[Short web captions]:
--- --- ---

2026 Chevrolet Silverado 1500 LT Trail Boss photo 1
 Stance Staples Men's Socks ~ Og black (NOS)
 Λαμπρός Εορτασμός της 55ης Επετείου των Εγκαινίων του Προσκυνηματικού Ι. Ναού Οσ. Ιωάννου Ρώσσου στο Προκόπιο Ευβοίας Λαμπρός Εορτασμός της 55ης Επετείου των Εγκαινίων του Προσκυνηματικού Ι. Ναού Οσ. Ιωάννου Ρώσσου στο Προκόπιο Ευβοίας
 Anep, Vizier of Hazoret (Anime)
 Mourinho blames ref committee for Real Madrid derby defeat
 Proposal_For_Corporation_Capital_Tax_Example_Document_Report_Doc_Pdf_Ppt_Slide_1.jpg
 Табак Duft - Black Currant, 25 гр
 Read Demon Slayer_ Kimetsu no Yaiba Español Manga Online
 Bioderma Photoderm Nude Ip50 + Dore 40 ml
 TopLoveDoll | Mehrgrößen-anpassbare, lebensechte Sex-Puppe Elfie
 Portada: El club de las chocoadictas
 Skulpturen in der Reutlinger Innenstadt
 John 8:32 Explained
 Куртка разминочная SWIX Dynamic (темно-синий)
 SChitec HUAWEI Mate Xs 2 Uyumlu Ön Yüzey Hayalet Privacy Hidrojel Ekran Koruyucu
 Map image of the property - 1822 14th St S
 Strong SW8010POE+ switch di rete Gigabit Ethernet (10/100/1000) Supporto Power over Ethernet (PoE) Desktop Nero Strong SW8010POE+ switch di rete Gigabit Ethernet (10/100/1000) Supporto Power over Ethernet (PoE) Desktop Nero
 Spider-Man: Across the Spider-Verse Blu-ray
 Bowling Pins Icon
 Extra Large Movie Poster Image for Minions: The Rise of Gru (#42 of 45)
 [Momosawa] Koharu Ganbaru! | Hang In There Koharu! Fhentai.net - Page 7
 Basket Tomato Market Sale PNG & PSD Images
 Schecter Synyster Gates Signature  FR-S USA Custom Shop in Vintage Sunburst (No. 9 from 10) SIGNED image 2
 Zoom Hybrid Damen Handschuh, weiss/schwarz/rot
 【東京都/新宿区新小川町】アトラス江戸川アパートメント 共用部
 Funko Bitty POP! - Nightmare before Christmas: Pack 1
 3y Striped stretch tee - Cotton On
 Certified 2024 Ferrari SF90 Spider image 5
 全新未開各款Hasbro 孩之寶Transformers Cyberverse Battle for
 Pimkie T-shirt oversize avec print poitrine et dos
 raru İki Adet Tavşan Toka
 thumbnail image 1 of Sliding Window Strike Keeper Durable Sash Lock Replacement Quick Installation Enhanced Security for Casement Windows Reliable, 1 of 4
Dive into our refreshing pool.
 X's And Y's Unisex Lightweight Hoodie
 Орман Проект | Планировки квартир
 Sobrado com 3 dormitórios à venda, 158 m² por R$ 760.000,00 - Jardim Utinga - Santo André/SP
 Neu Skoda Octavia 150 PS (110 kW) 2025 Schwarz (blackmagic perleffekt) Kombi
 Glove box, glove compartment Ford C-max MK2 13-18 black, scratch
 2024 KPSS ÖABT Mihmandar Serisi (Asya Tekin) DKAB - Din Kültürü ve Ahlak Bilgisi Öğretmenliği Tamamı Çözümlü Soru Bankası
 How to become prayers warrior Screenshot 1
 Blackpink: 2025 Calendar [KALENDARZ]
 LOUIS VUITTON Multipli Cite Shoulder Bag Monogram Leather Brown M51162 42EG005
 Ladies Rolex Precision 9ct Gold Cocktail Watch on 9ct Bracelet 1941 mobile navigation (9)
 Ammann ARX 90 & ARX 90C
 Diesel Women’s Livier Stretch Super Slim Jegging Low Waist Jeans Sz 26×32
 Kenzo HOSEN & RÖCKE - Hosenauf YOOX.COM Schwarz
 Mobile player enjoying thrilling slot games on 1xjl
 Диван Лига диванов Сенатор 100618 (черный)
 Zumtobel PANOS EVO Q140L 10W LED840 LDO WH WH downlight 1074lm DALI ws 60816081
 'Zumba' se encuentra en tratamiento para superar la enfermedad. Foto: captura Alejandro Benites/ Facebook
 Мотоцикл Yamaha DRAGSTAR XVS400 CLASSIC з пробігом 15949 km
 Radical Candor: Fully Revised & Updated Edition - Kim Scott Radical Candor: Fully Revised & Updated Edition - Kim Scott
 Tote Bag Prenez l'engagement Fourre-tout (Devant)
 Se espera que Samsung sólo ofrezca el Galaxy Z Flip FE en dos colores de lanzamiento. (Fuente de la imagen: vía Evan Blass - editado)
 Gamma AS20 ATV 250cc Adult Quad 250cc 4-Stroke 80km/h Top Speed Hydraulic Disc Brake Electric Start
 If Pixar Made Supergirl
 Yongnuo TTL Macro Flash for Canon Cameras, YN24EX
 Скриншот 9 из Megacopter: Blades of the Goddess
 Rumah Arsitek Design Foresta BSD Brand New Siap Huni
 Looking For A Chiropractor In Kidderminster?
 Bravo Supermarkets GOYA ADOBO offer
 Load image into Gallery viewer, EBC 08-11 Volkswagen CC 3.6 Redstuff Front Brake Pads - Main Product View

--- --- ---

[Your instructions]:
Write out the lines of the entries, word for word, from the first through the one containing "Basket Tomato Market Sale PNG & PSD Images", and stop at that line.

[Result]:
2026 Chevrolet Silverado 1500 LT Trail Boss photo 1
 Stance Staples Men's Socks ~ Og black (NOS)
 Λαμπρός Εορτασμός της 55ης Επετείου των Εγκαινίων του Προσκυνηματικού Ι. Ναού Οσ. Ιωάννου Ρώσσου στο Προκόπιο Ευβοίας Λαμπρός Εορτασμός της 55ης Επετείου των Εγκαινίων του Προσκυνηματικού Ι. Ναού Οσ. Ιωάννου Ρώσσου στο Προκόπιο Ευβοίας
 Anep, Vizier of Hazoret (Anime)
 Mourinho blames ref committee for Real Madrid derby defeat
 Proposal_For_Corporation_Capital_Tax_Example_Document_Report_Doc_Pdf_Ppt_Slide_1.jpg
 Табак Duft - Black Currant, 25 гр
 Read Demon Slayer_ Kimetsu no Yaiba Español Manga Online
 Bioderma Photoderm Nude Ip50 + Dore 40 ml
 TopLoveDoll | Mehrgrößen-anpassbare, lebensechte Sex-Puppe Elfie
 Portada: El club de las chocoadictas
 Skulpturen in der Reutlinger Innenstadt
 John 8:32 Explained
 Куртка разминочная SWIX Dynamic (темно-синий)
 SChitec HUAWEI Mate Xs 2 Uyumlu Ön Yüzey Hayalet Privacy Hidrojel Ekran Koruyucu
 Map image of the property - 1822 14th St S
 Strong SW8010POE+ switch di rete Gigabit Ethernet (10/100/1000) Supporto Power over Ethernet (PoE) Desktop Nero Strong SW8010POE+ switch di rete Gigabit Ethernet (10/100/1000) Supporto Power over Ethernet (PoE) Desktop Nero
 Spider-Man: Across the Spider-Verse Blu-ray
 Bowling Pins Icon
 Extra Large Movie Poster Image for Minions: The Rise of Gru (#42 of 45)
 [Momosawa] Koharu Ganbaru! | Hang In There Koharu! Fhentai.net - Page 7
 Basket Tomato Market Sale PNG & PSD Images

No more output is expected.